Multi-level analysis of molecular mechanisms underlying cancer development

Here I present some of my research works as an example to explain how analytical approaches constructed on different levels can contribute to the study of cancers. The methods presented here can be applied on their own or serve as a complement to other approaches.

At the cellular level:

A structural systems biology approach for quantifying the phenotypic impact of missense mutations

Annotating the phenotypic outcomes of missense mutations is an important issue in the pursuit of personalised medicine. However, it is non-trivial to understand how missense mutations affect a cell's behavior by introducing amino acid changes in proteins. This is because complex information, at both protein and pathway level, has to be considered. To tackle this task, I have explored and validated an approach, PEPP (Phenotype Extrapolation via Pathway and Protein information), to effectively integrate information on both protein and pathway levels.

To validate PEPP I use the G2 to mitosis transition mechanism in the cell cycle of fission yeast (Schizosaccharomyces pombe) as a model, in which the systemic impact of a missense mutation can be quantified through the size of yeast cells. By using yeast cells that each contains a single missense mutation in proteins involving in the G2 to mitosis mechanism as benchamerks, PEPP is able to quantify the systemic impact of missense mutations in a manner that correlates well with the in vivo cell lengths. This work was awarded a RCSB PDB Poster Prize at ISMB in 2011, presented as one of the Late Breaking Researches in the ISMB Conference 2012, and has been published recently in PLoS Compt. Biol. (PubMed link)

At the pathway or network level:

A multivariate statistical model to identify analyte clusters that serve as useful biomarkers

Most conventional methods for biomarker studies focus on individual analytes expressed differently between patients and normal controls. An obvious disadvantage of this type of approach is its weakness in capturing collective relationships between multiple analytes.

To tackle this problem, I introduced a new statistical model, targeted analyte cluster (TAC, PubMed link), which considers the patterned behaviours of a small set of analytes. TAC can be used to analyse gene or protein expression data and hence can be applied in a broad range of research works. So far TAC has facilitated studies in bipolar disorder and schizophrenia by bringing new insights into their disease mechanisms (Neuropsychopharmacology 37: 364-377; Mol Psychiatry 16:848-859).
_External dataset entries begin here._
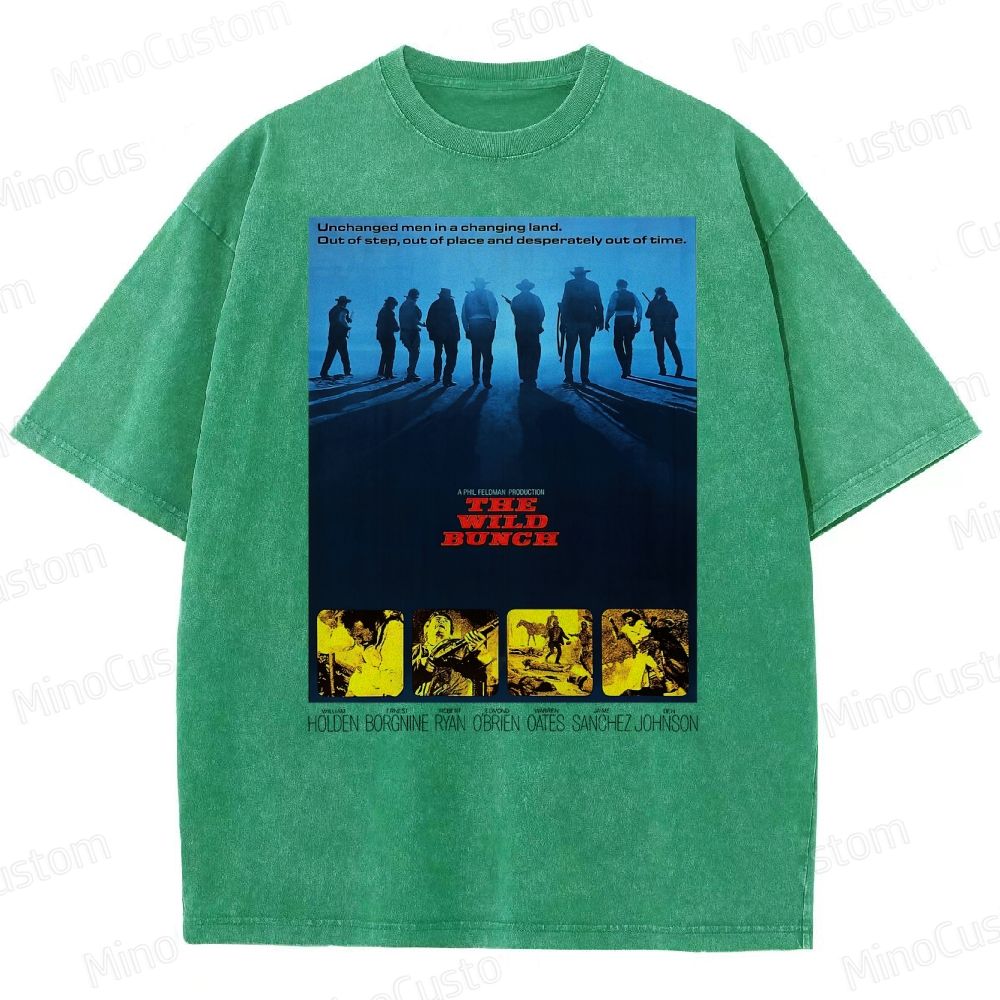 The Wild Bunch (1969) Essential Washed T-Shirt 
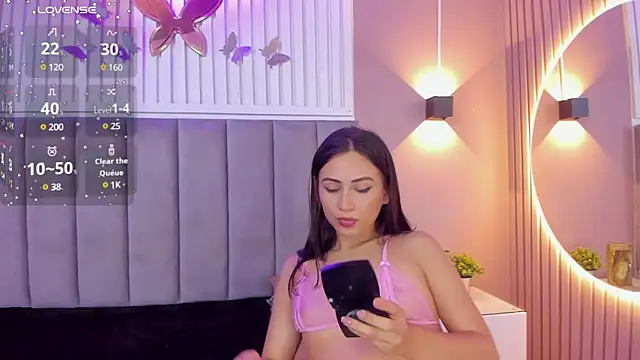 diosa cristal online show from 02/01/25, 06:54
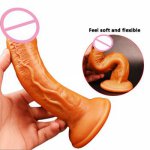 Realistic Huge Silicone Penis Sex Toys For Women Masturbation Soft As Real Penis With Belt Dildo Strong Sucker Suction Cup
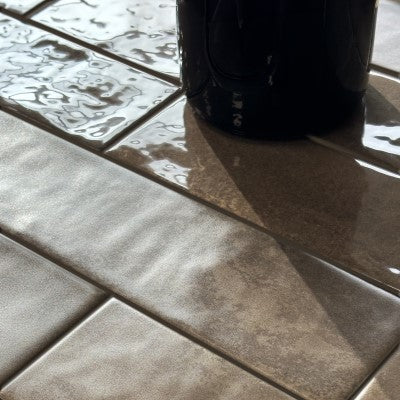 Vloer- en wandtegel Boutique Marrone mat 5,6x23,1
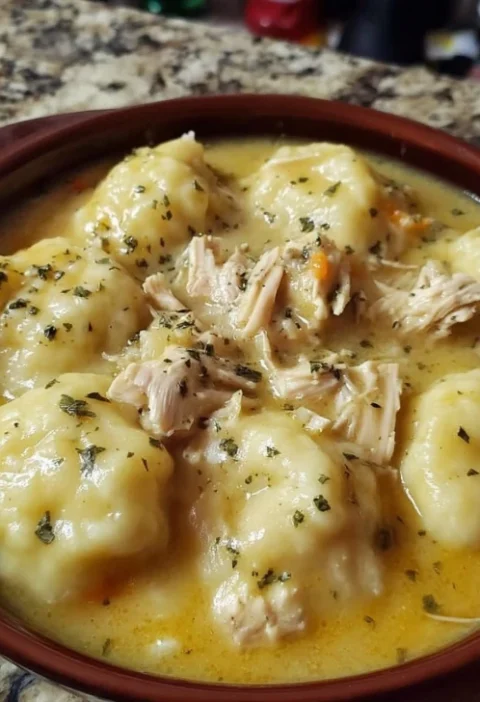 Easy Crock Pot Chicken And Dumplings Recipe Homemade Slow Cooker Chicken And Dumplings Best Ever Crock Pot Chicken Dumplin...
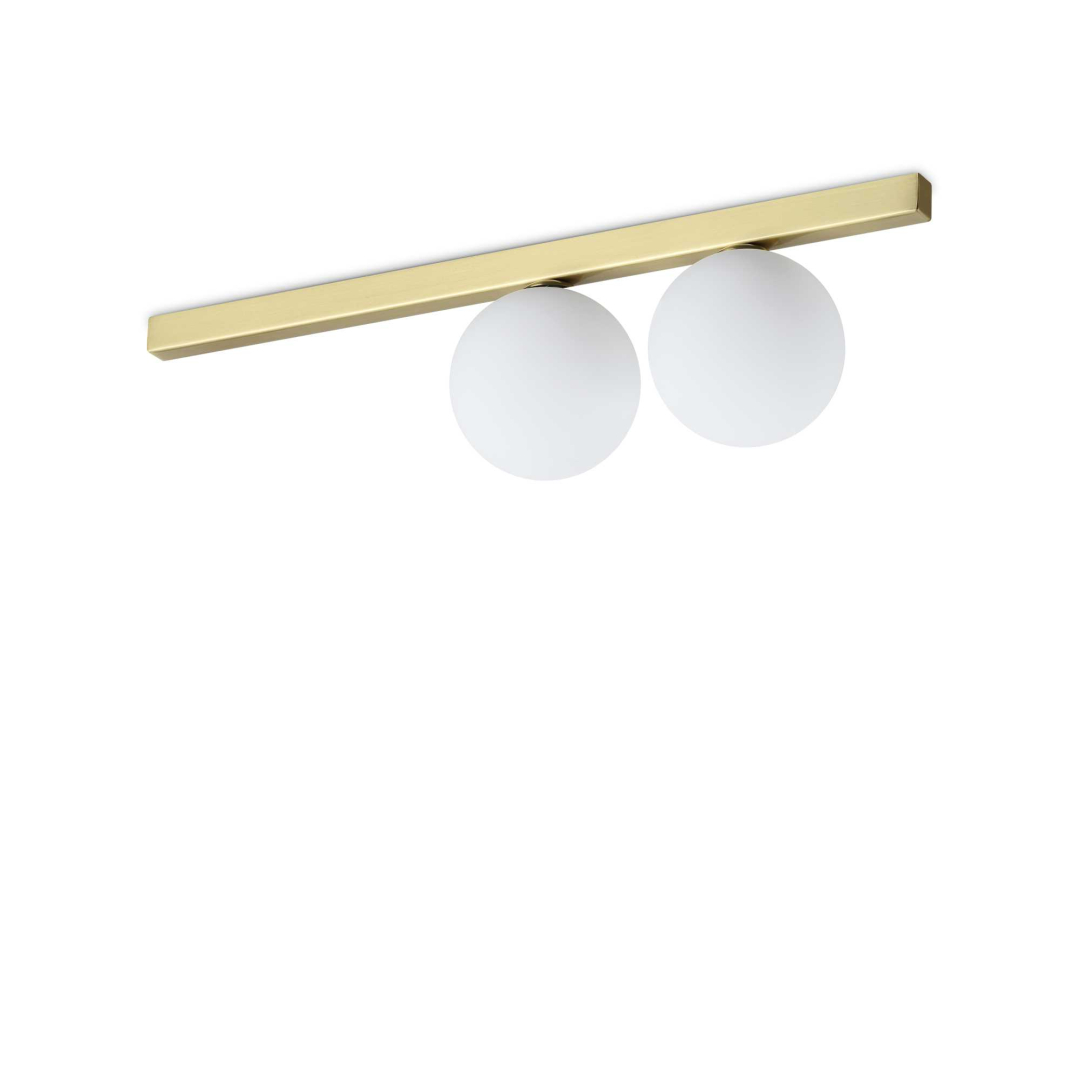 Потолочний світильник Ideal Lux 328447 BINOMIO PL2 OTTONE купити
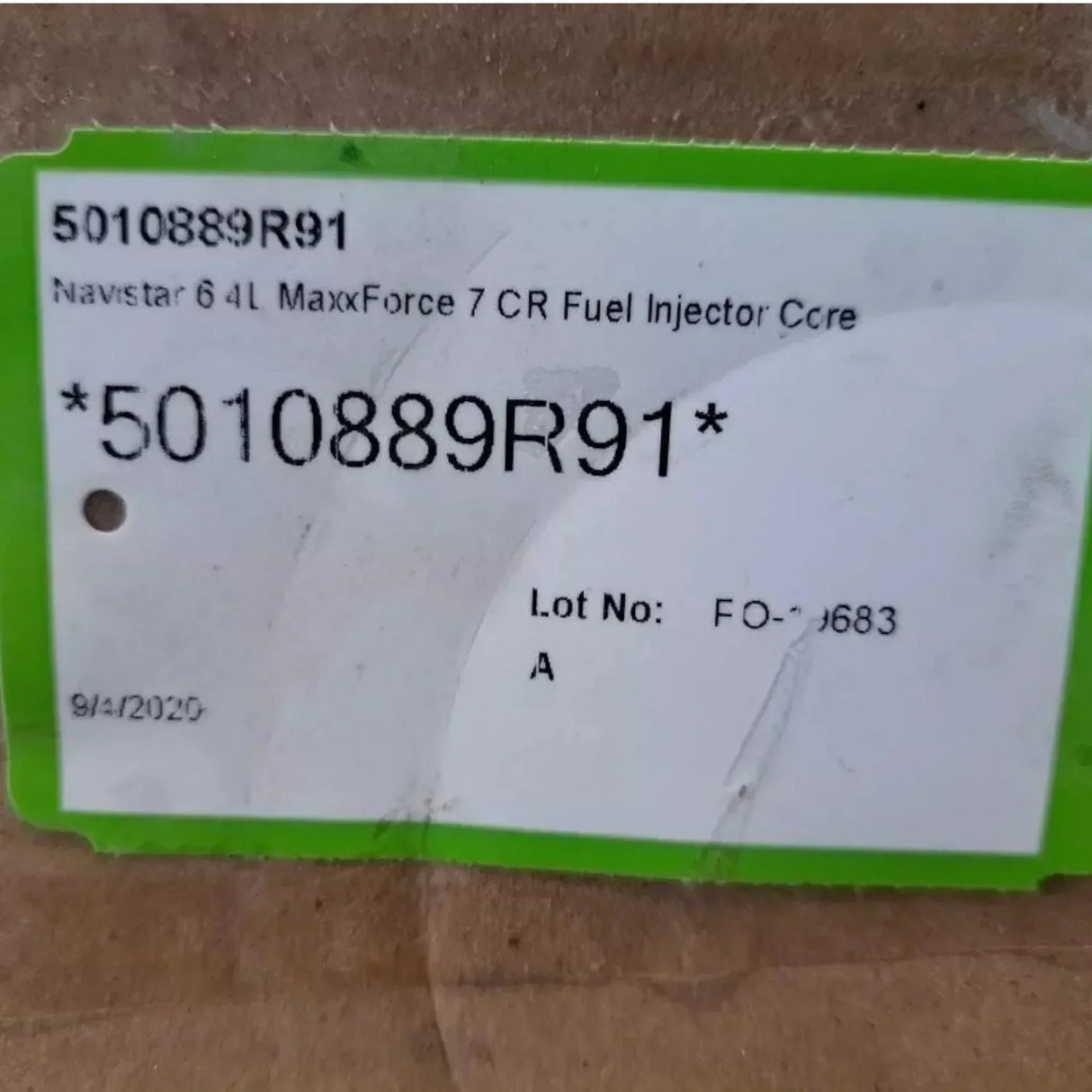 5010888R91 Oem International Injector For Maxxforce 7 No Core Charge - Truck To Trailer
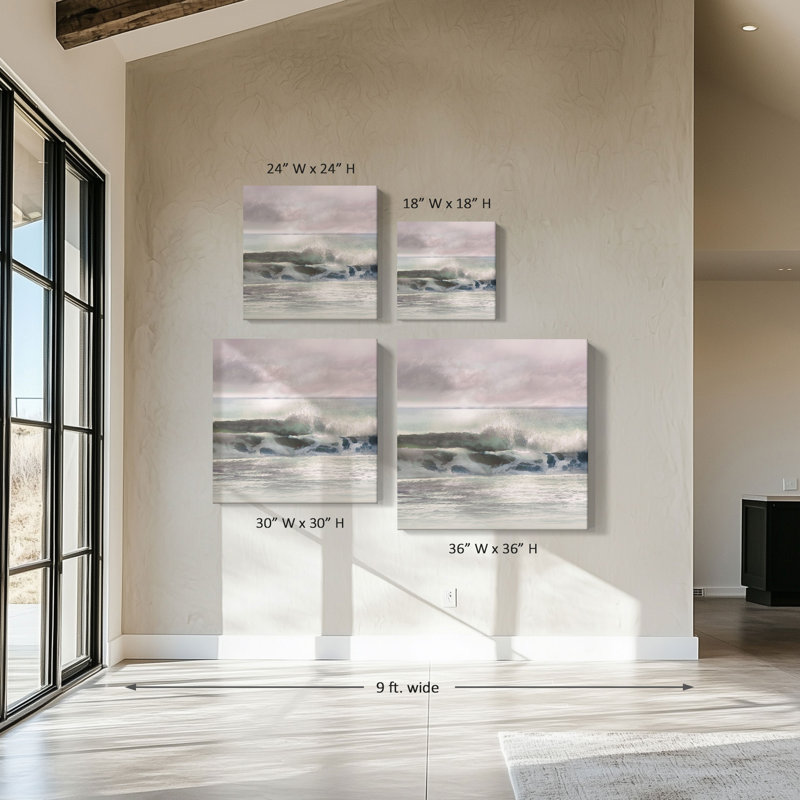 "Dancing Light" par Mike Calascibetta, reproduction sur toile, H 18 po x l 18 po x P 1 po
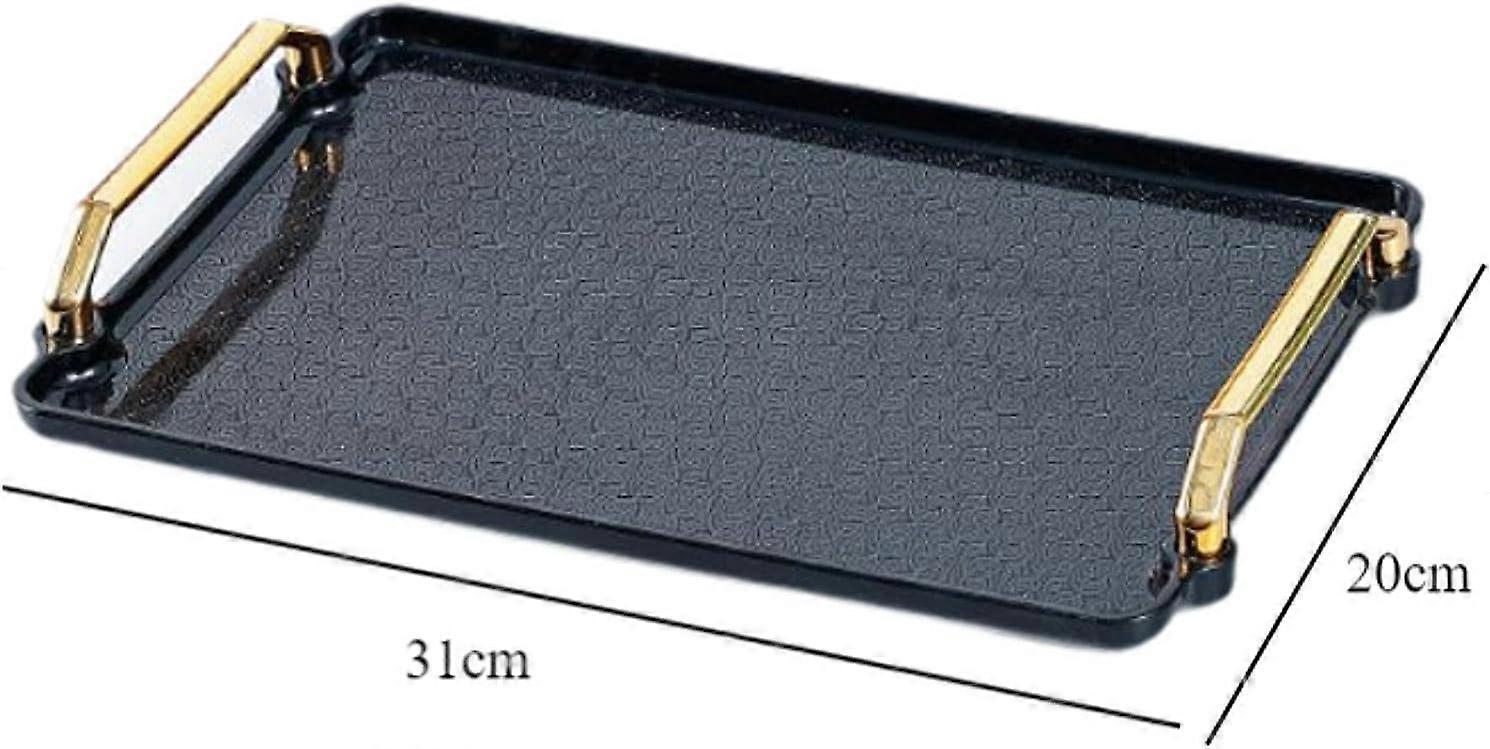 Elegant Glass Serving Tray with Hollow Handle and Pumpkin Shaped Candy Jar for Snacks and Pastries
nsSNPs are single nucleotide variations in human genomes that cause amino acid changes in proteins. They can affect an individual's susceptibility to cancers and response to drugs, thus a good estimation of their tendency to cause cancers is an essential step towards personalised medicine.

For estimating the likelihood of a nsSNP to be associated with cancers, Bongo (PubMed link) applies graph theory to project the disease susceptibility of a specific nsSNP by evaluating its impact on the amino acid network within the host protein. nsSNPs that destablise significantly the stability of the internal networks of their host proteins are considered as potential mutations contributing to cancer development. (A new webserver of Bongo is currently under construction)


At the protein level:

Analysing structural effects of non-synonymous single nucleotide polymorphisms (nsSNPs) on proteins

Estimating structural effects of nsSNPs on protein complexes through protein-protein docking

In addition to the structural impact on individual proteins, nsSNPs can also affect interactions between proteins. In order to identify nsSNPs that are likely to affect protein interactions, I worked with Dr Juan Fernandez-Recio on a rigid-body protein-protein docking program pyDock (PubMed link). pyDock models the structure of protein complexes and thus helps to identify nsSNPs at the protein interfaces. It explores either FTDOCK or ZDOCK to generate the complex conformations and has an optimised scoring function for selecting the best solutions. The performance of pyDock is similar, if not superior, to contemporary rigid-body approaches.

Due to the fact that approximately two thirds of protein in prokaryotes and four fifths of proteins in eukaryotes are multi-domain proteins, I also developed pyDockTET (PubMed link), which is a distance-restrained docking method for predicting structural assembly of two-domain proteins. pyDockTET is not only helpful for identifying nsSNPs located at domain-domain interfaces but also serves as one of few methods available for predicting structural assembly of two-domain proteins.